[DATA RECORDS]

****************

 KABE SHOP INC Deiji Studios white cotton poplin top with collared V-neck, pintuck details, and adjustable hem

****************

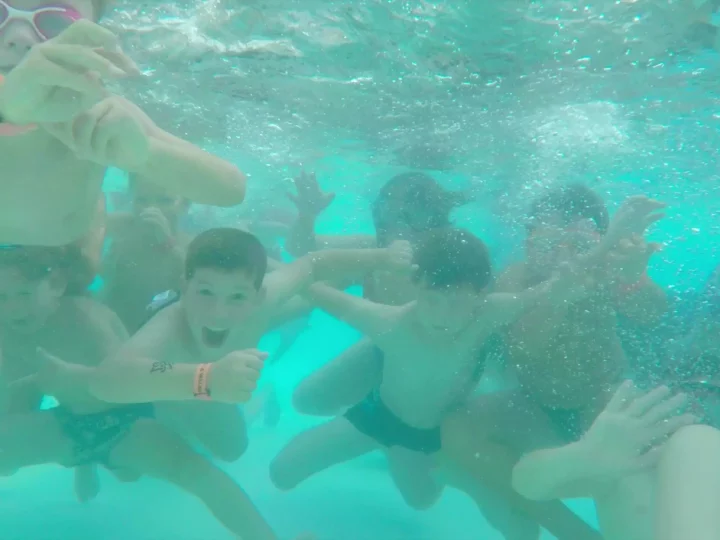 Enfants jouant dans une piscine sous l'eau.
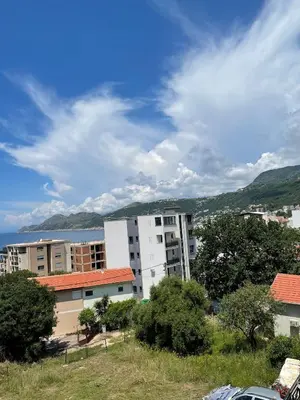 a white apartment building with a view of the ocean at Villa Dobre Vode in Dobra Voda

****************

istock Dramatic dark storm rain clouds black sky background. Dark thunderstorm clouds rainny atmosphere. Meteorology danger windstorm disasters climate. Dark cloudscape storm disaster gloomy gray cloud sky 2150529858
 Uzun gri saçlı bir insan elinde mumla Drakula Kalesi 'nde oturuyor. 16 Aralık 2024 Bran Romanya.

****************

[WHAT YOU ARE ASKED TO DO]
Exact repeat of the material above: every line from the one with "Enfants jouant dans une piscine sous l'eau." through the one with "a white apartment", endpoints included, and nothing more. No pictures.

[RESPONSE AREA]
 Enfants jouant dans une piscine sous l'eau.
 a white apartment building with a view of the ocean at Villa Dobre Vode in Dobra Voda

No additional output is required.